Derivative of a function whose variable is a matrix

[lus1450]

Homework Statement

Let $f: M_{n \times n} \rightarrow M_{n \times n}$ with $f(X) = X^2$, where $M_{n \times n}$ denotes the vector space of $n \times n$ matrices. Show $f$ is differentiable and find its differential.

Homework Equations

The Attempt at a Solution

So far, I've been looking at the difference quotient in order to "guess" linear transformation $A$ that will satisfy it. We have:
$$\lim_{|h|\to 0} \frac{|f(X+h) - f(X) - Ah|}{|h|} = \lim_{|h|\to 0} \frac{|Xh + hX + h^2 - Ah|}{|h|}$$after a little simplifying.
And I was thinking for a fixed $X$, I have $A(h) = Xh + hX$, as I wanted to get rid of the $Xh + hX$ term in the quotient. However, I'm stuck now since it's $Ah$ and not just $A$. I was thinking of throwing in an $h^{-1}$ to my $A$, but that would make it non-linear. Any suggestions?

 

[Ray Vickson]

Homework Statement

Let $f: M_{n \times n} \rightarrow M_{n \times n}$ with $f(X) = X^2$, where $M_{n \times n}$ denotes the vector space of $n \times n$ matrices. Show $f$ is differentiable and find its differential.

Homework Equations

The Attempt at a Solution

So far, I've been looking at the difference quotient in order to "guess" linear transformation $A$ that will satisfy it. We have:
$$\lim_{|h|\to 0} \frac{|f(X+h) - f(X) - Ah|}{|h|} = \lim_{|h|\to 0} \frac{|Xh + hX + h^2 - Ah|}{|h|}$$after a little simplifying.
And I was thinking for a fixed $X$, I have $A(h) = Xh + hX$, as I wanted to get rid of the $Xh + hX$ term in the quotient. However, I'm stuck now since it's $Ah$ and not just $A$. I was thinking of throwing in an $h^{-1}$ to my $A$, but that would make it non-linear. Any suggestions?
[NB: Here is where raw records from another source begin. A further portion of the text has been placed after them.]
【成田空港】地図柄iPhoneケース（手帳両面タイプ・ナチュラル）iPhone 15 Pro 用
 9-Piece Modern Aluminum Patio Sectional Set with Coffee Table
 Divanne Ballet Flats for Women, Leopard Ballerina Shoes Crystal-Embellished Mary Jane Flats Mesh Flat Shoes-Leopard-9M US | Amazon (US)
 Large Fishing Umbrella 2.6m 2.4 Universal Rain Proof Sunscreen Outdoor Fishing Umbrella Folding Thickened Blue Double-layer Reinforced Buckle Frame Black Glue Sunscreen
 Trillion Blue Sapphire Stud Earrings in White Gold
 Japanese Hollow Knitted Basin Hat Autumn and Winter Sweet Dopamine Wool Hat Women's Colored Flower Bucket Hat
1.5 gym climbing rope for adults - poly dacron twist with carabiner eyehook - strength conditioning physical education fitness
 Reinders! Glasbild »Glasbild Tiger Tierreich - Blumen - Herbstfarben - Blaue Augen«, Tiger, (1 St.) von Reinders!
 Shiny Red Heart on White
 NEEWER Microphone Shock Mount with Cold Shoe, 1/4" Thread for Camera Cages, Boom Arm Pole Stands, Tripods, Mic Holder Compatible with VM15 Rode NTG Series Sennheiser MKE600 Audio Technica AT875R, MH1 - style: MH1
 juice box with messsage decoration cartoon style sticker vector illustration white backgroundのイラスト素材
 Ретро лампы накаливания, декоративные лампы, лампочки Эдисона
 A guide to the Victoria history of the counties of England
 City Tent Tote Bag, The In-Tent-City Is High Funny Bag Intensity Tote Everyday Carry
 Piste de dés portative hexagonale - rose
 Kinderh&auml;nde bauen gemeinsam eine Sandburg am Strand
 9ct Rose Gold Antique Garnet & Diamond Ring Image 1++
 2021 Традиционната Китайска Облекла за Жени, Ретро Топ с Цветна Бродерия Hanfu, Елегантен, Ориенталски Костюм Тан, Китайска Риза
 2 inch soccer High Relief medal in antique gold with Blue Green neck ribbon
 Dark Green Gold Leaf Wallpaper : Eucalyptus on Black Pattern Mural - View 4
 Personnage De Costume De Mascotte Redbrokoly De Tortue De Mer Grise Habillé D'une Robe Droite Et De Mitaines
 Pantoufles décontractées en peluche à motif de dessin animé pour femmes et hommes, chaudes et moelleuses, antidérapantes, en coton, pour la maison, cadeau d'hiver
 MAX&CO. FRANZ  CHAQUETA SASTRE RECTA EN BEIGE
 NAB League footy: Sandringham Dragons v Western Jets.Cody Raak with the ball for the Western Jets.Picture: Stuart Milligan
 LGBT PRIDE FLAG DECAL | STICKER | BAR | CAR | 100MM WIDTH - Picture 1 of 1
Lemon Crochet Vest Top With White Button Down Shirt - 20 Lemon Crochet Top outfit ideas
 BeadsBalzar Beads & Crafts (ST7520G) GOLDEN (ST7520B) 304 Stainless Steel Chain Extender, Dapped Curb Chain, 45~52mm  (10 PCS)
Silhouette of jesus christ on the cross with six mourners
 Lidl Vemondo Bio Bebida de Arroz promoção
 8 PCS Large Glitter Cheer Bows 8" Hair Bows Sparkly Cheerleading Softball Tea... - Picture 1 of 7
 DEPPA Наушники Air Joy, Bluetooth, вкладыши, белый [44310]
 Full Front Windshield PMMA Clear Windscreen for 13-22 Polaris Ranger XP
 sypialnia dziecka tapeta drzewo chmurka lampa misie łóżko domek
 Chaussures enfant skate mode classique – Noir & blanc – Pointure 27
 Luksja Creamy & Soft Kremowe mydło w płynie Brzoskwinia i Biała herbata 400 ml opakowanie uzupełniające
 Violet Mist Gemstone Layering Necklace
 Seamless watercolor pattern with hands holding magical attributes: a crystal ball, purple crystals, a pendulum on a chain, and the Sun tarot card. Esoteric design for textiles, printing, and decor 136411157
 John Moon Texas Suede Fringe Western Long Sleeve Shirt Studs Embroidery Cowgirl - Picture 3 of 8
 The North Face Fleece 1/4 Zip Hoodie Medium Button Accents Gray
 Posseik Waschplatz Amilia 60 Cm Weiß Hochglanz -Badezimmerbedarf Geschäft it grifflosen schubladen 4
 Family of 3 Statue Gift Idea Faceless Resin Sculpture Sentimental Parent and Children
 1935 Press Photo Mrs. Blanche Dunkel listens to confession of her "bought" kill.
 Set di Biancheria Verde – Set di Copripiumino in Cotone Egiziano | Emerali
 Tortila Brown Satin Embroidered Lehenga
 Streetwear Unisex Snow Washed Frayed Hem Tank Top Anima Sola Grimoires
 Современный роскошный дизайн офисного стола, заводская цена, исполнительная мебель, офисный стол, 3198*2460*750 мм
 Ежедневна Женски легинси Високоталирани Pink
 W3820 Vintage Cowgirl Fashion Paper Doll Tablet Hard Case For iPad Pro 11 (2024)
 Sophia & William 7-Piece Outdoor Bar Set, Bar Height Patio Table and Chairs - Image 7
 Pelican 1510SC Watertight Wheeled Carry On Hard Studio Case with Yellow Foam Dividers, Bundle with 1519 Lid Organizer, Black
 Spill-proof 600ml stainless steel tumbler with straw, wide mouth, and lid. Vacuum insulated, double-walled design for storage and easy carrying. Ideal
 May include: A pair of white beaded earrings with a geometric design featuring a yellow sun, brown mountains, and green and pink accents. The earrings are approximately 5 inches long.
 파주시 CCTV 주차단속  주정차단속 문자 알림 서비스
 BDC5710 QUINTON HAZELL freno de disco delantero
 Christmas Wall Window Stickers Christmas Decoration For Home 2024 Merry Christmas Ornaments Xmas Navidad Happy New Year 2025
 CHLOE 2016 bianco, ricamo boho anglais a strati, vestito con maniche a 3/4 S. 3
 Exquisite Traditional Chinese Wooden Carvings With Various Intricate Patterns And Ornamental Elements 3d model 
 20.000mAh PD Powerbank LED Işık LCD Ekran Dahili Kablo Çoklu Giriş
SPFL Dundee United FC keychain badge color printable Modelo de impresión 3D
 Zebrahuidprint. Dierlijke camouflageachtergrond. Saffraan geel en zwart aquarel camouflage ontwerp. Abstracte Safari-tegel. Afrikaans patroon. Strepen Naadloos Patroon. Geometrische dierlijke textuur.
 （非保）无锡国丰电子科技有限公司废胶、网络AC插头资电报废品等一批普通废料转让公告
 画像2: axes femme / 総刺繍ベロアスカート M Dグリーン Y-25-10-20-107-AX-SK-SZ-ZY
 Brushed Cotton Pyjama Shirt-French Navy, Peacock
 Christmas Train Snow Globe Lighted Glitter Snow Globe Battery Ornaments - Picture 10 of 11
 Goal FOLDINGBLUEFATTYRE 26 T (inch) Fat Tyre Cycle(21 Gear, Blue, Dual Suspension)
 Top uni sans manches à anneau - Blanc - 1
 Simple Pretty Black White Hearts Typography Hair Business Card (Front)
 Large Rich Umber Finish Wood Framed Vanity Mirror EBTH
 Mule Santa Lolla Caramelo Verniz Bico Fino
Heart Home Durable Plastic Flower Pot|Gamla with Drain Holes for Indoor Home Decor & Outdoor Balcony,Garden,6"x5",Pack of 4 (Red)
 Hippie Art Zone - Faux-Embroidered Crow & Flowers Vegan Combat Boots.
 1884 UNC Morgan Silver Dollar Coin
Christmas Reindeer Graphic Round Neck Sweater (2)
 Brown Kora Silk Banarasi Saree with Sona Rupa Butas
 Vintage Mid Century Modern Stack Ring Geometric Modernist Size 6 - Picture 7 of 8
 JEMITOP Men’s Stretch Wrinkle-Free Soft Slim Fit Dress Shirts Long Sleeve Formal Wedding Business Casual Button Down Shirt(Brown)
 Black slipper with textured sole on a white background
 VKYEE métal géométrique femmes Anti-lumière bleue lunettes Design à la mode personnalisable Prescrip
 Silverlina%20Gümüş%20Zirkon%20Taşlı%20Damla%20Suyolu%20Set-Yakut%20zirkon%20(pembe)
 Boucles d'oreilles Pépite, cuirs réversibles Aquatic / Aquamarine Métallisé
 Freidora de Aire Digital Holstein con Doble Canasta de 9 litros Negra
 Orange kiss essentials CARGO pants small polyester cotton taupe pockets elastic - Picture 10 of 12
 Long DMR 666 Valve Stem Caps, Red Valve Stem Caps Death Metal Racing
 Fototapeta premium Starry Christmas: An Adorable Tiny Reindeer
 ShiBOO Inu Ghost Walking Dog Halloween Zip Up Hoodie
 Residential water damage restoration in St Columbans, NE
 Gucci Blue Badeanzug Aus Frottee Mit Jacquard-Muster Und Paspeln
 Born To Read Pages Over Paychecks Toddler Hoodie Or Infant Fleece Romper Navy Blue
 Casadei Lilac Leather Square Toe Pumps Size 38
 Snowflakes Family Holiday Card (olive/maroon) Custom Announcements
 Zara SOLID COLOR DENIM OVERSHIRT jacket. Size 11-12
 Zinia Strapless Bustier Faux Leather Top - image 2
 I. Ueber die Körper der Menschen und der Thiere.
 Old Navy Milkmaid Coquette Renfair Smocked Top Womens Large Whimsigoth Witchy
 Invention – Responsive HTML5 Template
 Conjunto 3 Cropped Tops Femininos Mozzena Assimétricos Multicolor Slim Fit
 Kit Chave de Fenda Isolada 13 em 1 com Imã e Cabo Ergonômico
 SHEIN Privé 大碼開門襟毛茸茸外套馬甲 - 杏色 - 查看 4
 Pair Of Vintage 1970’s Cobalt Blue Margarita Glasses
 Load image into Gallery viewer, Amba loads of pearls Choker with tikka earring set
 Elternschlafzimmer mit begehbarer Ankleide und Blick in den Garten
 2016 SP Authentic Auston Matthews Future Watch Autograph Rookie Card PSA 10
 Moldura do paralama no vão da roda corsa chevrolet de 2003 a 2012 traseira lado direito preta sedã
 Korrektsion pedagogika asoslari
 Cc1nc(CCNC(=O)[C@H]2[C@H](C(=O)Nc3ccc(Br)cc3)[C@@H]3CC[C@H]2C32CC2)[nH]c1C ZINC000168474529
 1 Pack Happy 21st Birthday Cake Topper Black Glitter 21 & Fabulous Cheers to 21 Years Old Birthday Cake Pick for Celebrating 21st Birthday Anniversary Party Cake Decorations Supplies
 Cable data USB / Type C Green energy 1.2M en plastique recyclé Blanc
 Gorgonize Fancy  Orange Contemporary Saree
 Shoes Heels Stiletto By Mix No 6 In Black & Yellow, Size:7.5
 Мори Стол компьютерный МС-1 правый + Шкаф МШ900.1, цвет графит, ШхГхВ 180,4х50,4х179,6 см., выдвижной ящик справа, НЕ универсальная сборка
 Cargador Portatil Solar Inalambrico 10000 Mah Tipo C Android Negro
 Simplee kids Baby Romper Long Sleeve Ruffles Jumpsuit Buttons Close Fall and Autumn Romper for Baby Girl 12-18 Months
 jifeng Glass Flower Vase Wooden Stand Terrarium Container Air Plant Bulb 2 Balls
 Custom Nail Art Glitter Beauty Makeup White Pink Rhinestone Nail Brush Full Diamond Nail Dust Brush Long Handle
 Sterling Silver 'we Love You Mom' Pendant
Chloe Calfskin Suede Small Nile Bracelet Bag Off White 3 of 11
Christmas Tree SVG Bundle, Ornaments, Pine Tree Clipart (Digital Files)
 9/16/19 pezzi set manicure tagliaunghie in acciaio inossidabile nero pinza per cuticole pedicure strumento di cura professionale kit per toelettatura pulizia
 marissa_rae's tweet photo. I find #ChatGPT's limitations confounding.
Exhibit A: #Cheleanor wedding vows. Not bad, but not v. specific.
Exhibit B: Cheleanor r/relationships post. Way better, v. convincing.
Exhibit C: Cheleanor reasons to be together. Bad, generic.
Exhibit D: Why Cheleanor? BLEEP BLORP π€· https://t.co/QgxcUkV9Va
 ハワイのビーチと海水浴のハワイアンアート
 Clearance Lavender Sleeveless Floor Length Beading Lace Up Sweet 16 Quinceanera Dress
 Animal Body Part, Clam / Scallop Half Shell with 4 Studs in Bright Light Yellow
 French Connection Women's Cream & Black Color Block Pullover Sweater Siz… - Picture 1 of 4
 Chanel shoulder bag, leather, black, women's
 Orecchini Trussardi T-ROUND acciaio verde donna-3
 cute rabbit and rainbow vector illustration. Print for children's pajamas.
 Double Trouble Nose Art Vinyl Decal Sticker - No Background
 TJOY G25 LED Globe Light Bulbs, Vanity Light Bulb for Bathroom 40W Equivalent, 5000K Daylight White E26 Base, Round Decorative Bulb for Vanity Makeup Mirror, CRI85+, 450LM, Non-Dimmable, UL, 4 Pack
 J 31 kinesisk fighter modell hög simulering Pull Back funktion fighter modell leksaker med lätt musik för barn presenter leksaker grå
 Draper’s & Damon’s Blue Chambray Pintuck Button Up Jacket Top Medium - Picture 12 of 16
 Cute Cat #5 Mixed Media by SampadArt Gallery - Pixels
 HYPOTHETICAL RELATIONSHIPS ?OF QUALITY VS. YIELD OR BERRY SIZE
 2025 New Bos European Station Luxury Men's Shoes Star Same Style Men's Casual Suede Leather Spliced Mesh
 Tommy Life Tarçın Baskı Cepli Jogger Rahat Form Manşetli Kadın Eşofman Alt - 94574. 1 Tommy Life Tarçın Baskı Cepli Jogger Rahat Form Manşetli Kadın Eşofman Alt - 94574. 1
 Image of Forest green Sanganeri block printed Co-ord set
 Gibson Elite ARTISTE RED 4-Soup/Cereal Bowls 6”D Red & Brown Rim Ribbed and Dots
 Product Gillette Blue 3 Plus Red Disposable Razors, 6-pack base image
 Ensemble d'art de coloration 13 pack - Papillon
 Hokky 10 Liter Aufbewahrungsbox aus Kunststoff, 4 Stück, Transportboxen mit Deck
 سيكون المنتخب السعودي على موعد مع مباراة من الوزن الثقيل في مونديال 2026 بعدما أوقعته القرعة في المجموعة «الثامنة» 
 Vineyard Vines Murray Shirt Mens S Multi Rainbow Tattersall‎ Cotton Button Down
The concept you need is that of the Frechet Derivative; see http://en.wikipedia.org/wiki/Fréchet_derivative or
http://www.maths.lse.ac.uk/Courses/MA409/Notes-Part2.pdf . If $h$ is a matrix, then for $f(x) = x^2$ we have
f(X+h) - f(X) = (X+h)(X+h) - X^2 = hX + Xh + h^2,
so the linear operator $D_X: h \rightarrow M_{n \times n},$ defined as $D_X(h) = Xh + hX$, is the Frechet derivative. Since $D_X$ is linear, it will always be possible to write $D_X(h)$ as $A_X h$ for some matrix $A_X$, if you really want to, but I am not sure if your question really requires that you do so.

 

[lus1450]

Ah okay, thank you! I just realized I was swapping linear transformation and matrix in my thought process, since in my linear algebra class "A" is normally a matrix while in my analysis class, "A" is a linear transformation. As such, it is saying A(h), not A*h. My confusion is cleared up =]

 

[Ray Vickson]

Ah okay, thank you! I just realized I was swapping linear transformation and matrix in my thought process, since in my linear algebra class "A" is normally a matrix while in my analysis class, "A" is a linear transformation. As such, it is saying A(h), not A*h. My confusion is cleared up =]

I take back what I said about it always being possible to write $D_X(h)$ as $A_Xh$ for some matrix $A_X$. I forgot that $h$ is a matrix, not a vector. If it were a vector, that re-write would be possible, but maybe not if it is a matrix. (Actually, $h$ is an $n^2$-dimensional vector, so if we are willing to re-write all matrices as $n^2$-vectors, there would, indeed, be an $n^2 \times n^2$ matrix giving us what we need, but that seems excessive.)